# Anyone going to Tulsa bottle show 7-7-12?



## flasherr (Jun 26, 2012)

Just wondering who might be going to the Tulsa Bottle show coming up. Also wondering what you might have you plan to sell. Im not like alot  of the guys there im not looking for the rare expensive stuff. Just stuff i like or can buy right for resale.


----------



## epackage (Jun 26, 2012)

I would if it were closer to Jersey, have a great time flash..


----------



## bottlekid76 (Jun 27, 2012)

I will most likely be there. []

 ~Tim


----------



## flasherr (Jul 1, 2012)

bump


----------



## flasherr (Jul 3, 2012)

Just looking to see who might be going to this show so far not much response. bottlekid you setting up or just going to buy?


----------



## bottlekid76 (Jul 3, 2012)

Hiya Brian,

 Not alot of folks here in our neck of the woods.

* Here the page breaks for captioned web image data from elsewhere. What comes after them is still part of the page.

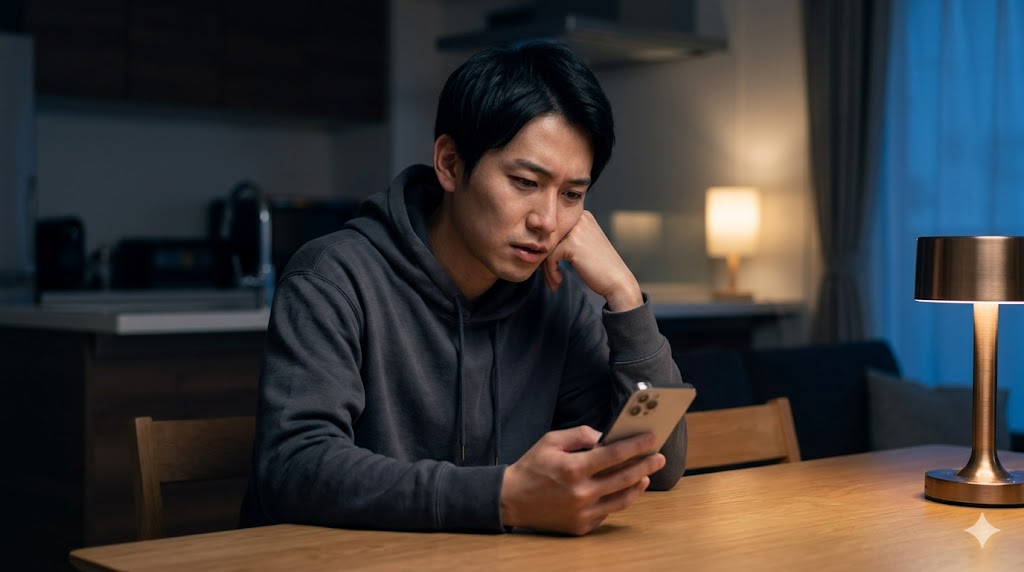 夜の自宅で、スマートフォンを眺めながら少し不安げな表情を浮かべる日本人男性。マッチングアプリのメッセージ頻度に関する悩みを表現している。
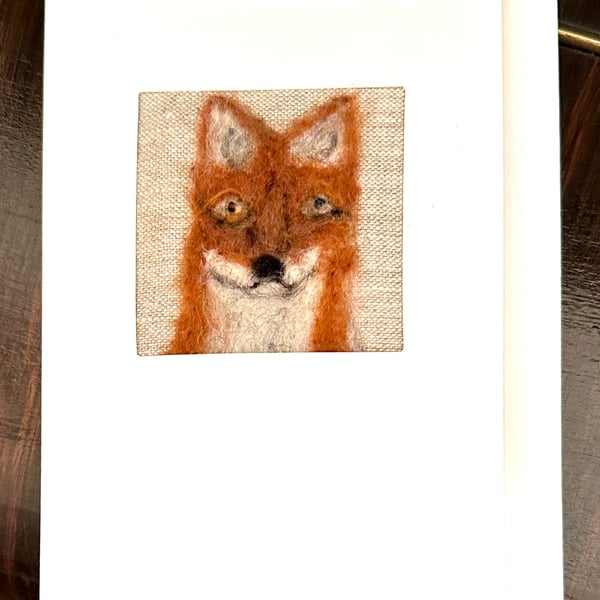 Needlefelted Card.  Fox Greetings Card  for animal & nature  lovers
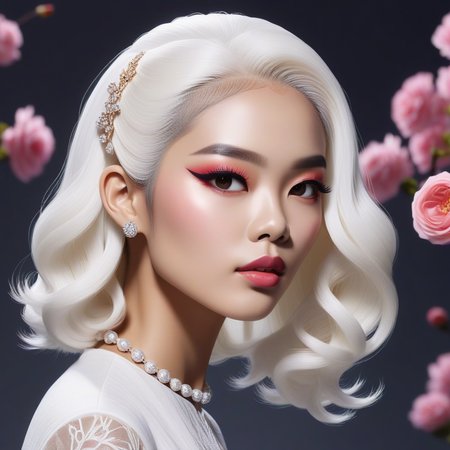 , (an album cover by qian huaibi art about official concept:1.5), elegant, a hundred thousand roses in her foreheadaea field separated the contours of her white hair  <lora:add-detail-xl:1>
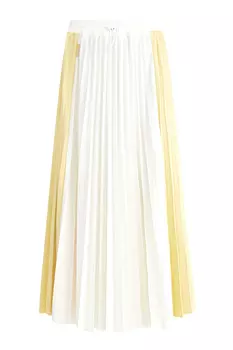 Плиссированная юбка-миди с эластичным поясом на кулиске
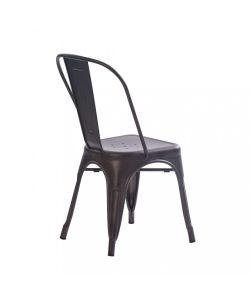 Cosma Sedia impilabile in acciaio nero stile industriale 53x45x85 cm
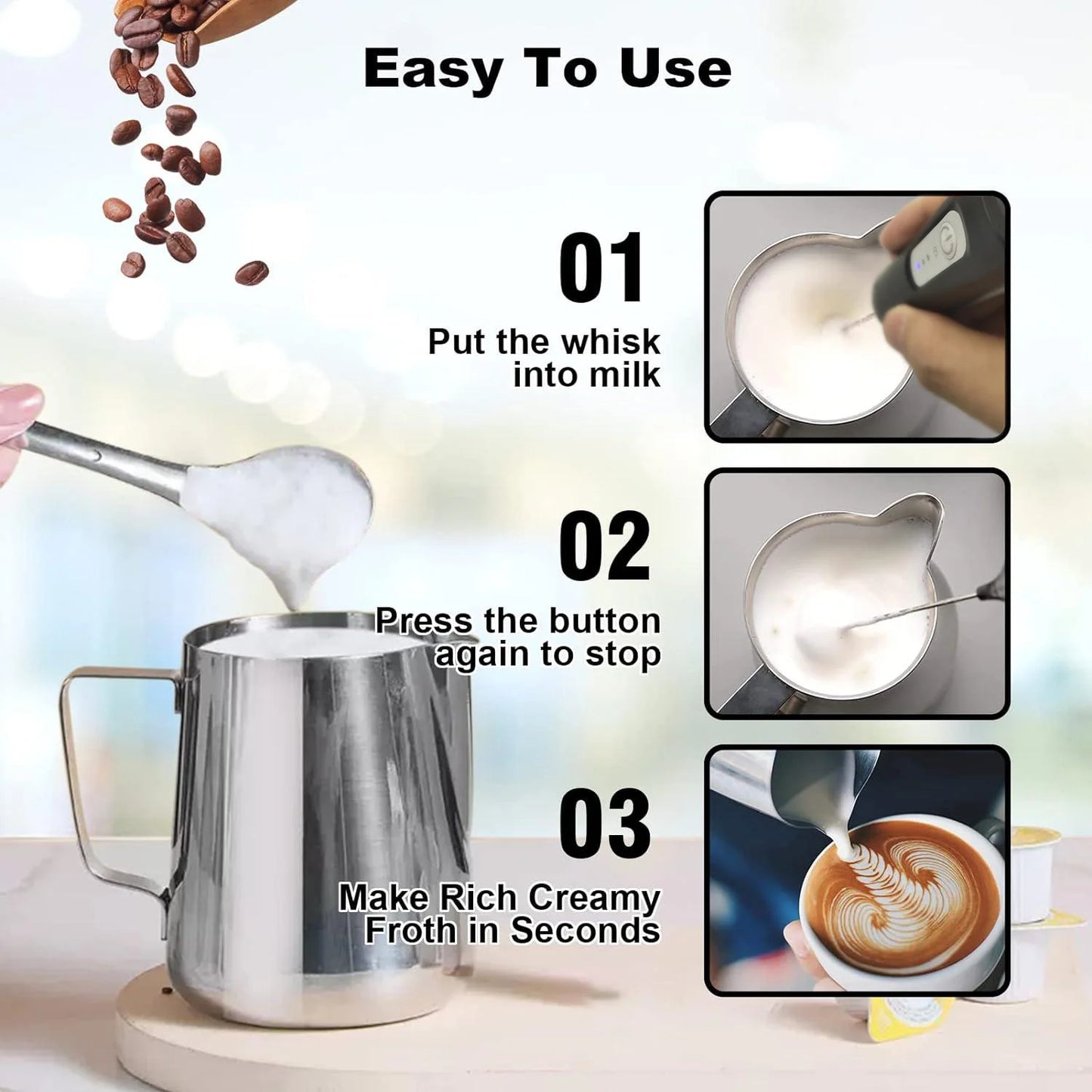 manufacturer  MINI Milk Frother USB Rechargeable 3 Speeds Foam Maker Coffee Whisk Mixer Electric Handle Blender Egg Beater   Kitchen gadgets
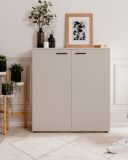 Schuhschrank Logu in Samt 100 x 110 cm, aufklappbar fr 24 Paar Schuhe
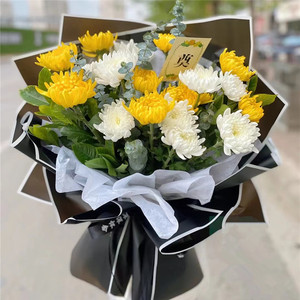 史锐华淘宝鲜菊花直批云南基地直发新鲜花束上坟祭祀墓地扫墓黄白批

I'll be going with a couple friends of mine. We aren't setting up but hope to make a good find or two []

 ~Tim


----------



## flasherr (Jul 3, 2012)

Well if you see this guy walking around its me. hopefully ill be cleaner up there lol
	

	
	
		
		

		
		
	


	




 If i can find my ABN shirt ill wear it


----------



## bottlekid76 (Jul 3, 2012)

Ok cool,

 I'll keep an eye out for ya. Good luck at the show!

 ~Tim


----------



## stlouisbottles (Jul 4, 2012)

I am thinking about it, how big of a show is it?


----------



## flasherr (Jul 4, 2012)

i havent been in several years. That year it wasnt huge but there is a flea market going on at same time in the smae building so there will be lots of vendors even though alot wont have bottles but other stuff. i know the flea market part was sold out of over 200 spaces.


----------